I'm not sure the language exists to fully explain the massive surge of bile that near erupted inside me when this staggering claim was made. No matter what the circumstances, taking one's own life is a pretty desperate thing to do and quite possibly not something you'd do lightly. Having been locked up for over four years with no indication of ever being charged with anything, let alone a likely release date, would make most people a wee bit desperate. If the aim was to highlight their plight, there'd be other ways to do it. If it was an act of war, wouldn't taking other people out with them be a better way? There is no way that these tragic suicides can be interpreted as war. Unnecessary was another word used by the White House. Unnecessary is certainly apt, however not in the way it was used. There are many reasons why the deaths are unnecessary - the fact that these people have been held for so long without reason given being the most unnecessary of them - but a PR stunt..?? An act of war? No.

Tuesday, June 13, 2006

Children singing

I've no real problem with concept of kids singing per se, but it seems to be the vogue in TV advertising to get a bunch of children harmonising. It's annoying and will not make me buy your products.

EDIT - Ditto whispering. Stop it!

Wednesday, June 07, 2006

Cameron - part 1 of (probably) many

David Cameron - or Dave, take your pick - is an upstart I have yet to properly work out.
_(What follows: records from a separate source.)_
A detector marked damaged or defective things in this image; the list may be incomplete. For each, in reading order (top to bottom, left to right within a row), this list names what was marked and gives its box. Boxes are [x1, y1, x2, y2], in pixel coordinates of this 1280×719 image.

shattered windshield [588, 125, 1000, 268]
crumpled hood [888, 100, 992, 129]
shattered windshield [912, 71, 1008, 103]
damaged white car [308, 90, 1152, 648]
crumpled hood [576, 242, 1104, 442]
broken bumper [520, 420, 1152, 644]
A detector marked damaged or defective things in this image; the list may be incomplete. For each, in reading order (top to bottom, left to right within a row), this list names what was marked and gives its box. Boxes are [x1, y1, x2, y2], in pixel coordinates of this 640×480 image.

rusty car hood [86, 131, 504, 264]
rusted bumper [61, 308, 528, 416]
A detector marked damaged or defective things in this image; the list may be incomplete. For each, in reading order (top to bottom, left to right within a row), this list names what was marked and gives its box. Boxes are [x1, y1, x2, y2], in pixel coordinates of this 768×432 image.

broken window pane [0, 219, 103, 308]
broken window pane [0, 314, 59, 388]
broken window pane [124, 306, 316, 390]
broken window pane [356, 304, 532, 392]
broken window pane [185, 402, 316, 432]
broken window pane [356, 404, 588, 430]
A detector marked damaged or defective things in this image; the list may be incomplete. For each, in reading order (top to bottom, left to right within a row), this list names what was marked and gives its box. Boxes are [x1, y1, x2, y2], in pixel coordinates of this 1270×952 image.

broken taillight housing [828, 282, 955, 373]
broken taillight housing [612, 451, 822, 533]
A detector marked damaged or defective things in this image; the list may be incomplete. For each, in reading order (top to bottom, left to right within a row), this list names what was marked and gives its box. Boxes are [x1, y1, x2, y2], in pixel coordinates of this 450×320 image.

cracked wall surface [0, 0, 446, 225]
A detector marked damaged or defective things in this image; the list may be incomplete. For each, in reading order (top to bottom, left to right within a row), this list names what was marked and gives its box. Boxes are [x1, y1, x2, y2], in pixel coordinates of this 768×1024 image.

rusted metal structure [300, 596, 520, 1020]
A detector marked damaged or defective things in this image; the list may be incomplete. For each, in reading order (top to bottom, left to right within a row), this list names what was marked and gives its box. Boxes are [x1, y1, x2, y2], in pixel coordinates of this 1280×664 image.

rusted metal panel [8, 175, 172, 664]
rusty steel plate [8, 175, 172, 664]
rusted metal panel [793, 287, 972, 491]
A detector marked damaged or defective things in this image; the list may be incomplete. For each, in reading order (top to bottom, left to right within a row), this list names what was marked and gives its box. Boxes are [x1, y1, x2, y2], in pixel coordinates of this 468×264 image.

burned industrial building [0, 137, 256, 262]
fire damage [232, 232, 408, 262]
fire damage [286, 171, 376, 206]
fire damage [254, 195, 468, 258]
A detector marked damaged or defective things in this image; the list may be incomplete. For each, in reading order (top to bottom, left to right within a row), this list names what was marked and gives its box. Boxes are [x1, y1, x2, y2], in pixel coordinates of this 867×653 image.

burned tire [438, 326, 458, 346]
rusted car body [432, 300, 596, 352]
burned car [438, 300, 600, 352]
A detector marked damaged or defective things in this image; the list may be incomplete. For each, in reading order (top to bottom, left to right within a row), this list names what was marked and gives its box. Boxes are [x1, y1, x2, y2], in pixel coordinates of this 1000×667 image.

The Labour dubbing of him as a 'chameleon' seems pretty accurate. The fact he's won no more votes than William Hague and yet is seen as far more electable than the squeaky-voiced Yorkshire disgrace is bewildering and more to do with Labour's current failings than anything he's done.
I liken him to Peter Jackson - manager of Huddersfield Town AFC. Jackson strikes me as a Championship Manager type of bloke. He'll see a player get a good report or do well on the latest edition of aforementioned game and next thing you'll see that Town are tapping up that player. Cameron seems to do the same with newspaper headlines. Sees something that's upsetting the populous and makes a statement on it that afternoon. I'd rather have Peter Jackson running the country to be honest, but I hope it doesn't come to that.
Cameron's a hypocrite as well. Sure, he bikes it to work, but is followed moments later by a car carrying his papers, briefcase, change of clothes etc.

Anyway, today's Cameron rant is his assertion that Radio 1's rap show, hosted by vicar's son Tim Westwood, encourages youngsters to carry knives. Only if they're to be used to stab Westwood, Dave.



A report out today concludes that 14 European nations, including the UK, collaborated - for want of a better word - with the US in transporting prisoners for torture. I can't begin to express my apoplexy, but referring to this practice as 'extraordinary rendition' really gets my goat. Call it what it is - transportation for torture which borders on abduction. It's that process of mangling into management speak something which is utterly abhorrent, as if to make it sound like an everyday activity to which no-one could possibly object that sickens.

Besides, some former Foreign Office staff have called the process massively damaging, which must be one of the understatements of the century. If the US wish to be a recruitment sergeant for terrorist groups, they're going about it the right way. A true cynic may suggest that this autocatalytic process that America find themselves at the heart of is exactly what the Republican party do want. And since when was information gathererd by torture ever considered to be reliable anyway? Even putting to one side the morality of torture to one side, it's a bizarre and unnecessary thing. That so many nations are in cahoots is almost enough to make one give up trying to be human any more.